I just installed Fedora Workstation 33 afresh last night with an ext4 partitioning scheme and discovered that zram was enabled by default. About 4GB of space was allocated to it, which is half the size of the physical memory my laptop has. I was furthermore surprised when I discovered the following.
Look at the swap bar of htop. Actually I allocated 1536MB of space for the designated swap partition and while installation, the zram got enabled as a new default and now I see them working together - hence resulting the 5.32GB of space that you see in the screenshot. Now that is definitely not a problem. The problem is even when I have reduced the swappiness value, the OS still finds reasons to make use of the swap space. I have at least half the memory left for use and then I feel the sluggishness in the interaction, so I quickly open up htop to see an active use of the swap partition.

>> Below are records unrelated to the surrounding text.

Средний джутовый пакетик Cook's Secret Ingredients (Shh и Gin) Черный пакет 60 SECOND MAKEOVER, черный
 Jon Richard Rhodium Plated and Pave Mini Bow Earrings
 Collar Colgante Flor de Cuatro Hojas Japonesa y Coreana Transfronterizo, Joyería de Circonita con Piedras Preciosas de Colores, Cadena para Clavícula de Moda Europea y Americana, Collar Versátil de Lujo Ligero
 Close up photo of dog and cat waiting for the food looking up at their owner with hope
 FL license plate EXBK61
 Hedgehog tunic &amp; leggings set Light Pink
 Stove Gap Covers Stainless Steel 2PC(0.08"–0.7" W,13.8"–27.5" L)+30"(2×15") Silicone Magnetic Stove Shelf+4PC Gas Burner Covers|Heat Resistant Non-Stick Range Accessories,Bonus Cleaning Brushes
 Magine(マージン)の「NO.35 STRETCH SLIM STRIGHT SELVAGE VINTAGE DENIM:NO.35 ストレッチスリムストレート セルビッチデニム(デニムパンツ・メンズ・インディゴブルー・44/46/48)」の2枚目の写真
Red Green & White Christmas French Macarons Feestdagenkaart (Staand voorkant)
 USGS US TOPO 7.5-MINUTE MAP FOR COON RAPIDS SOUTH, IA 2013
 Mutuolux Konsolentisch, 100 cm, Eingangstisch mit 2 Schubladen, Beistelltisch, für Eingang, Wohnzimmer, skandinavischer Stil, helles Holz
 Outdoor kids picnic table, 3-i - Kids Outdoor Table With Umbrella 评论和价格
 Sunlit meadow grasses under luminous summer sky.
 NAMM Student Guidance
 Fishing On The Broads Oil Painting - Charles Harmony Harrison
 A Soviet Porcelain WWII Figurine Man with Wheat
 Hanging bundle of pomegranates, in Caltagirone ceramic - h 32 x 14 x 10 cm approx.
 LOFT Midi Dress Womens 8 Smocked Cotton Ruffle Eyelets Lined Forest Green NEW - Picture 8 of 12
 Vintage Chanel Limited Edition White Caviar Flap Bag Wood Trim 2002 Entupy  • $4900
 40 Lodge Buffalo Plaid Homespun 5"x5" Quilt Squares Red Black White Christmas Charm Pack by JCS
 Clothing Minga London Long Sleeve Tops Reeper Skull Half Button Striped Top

Beginning to swap pages to back to the secondary memory and forth, even when almost half the physical memory is left unutilized is unsettling. It also messes up the experience as there’s a notable lag in the user interface. I am sure that my hardware is not the type where you would want to use swapping in the first place as I have only one 5600RPM 2.5" hard drive which is not a very fast disk, and the tendency of swapping every now and then bottlenecks the capability of how good the physical memory could have, otherwise, performed. I think that I have detected the symptoms right (Feel free to correct me if I have not).
I think you can uninstall the zram-generator package if you wish to disable zram, but note that the defaults are default for a reason… adding a traditional swap partition of any size creates potential for sluggish performance.
Edit the /etc/systemd/zram-generator.conf config file (read the comments).
sudo systemctl restart firstname.lastname@example.org
Check the new size
However, if you have zram and a swap partiton, zram has the priority over the disk based swap space.
I don’t know: if you suffer lags, I doubt that it is due to swap. You can try to temporarily disable disk based swap space using
And look if lags persist.
In addition, as far as I know (ooh well, I’m not an expert), swapping is not always triggered by a lack of free RAM.
Thank you for listing the steps @alciregi. I would follow them and see if the lag persists.
Exactly, @alciregi! Here’s the thing - there’s ample RAM left but still swapping is preferred even when I had reduced the swappiness value. What really troubles me is the greater inclination of using the swap than that of using the physical memory.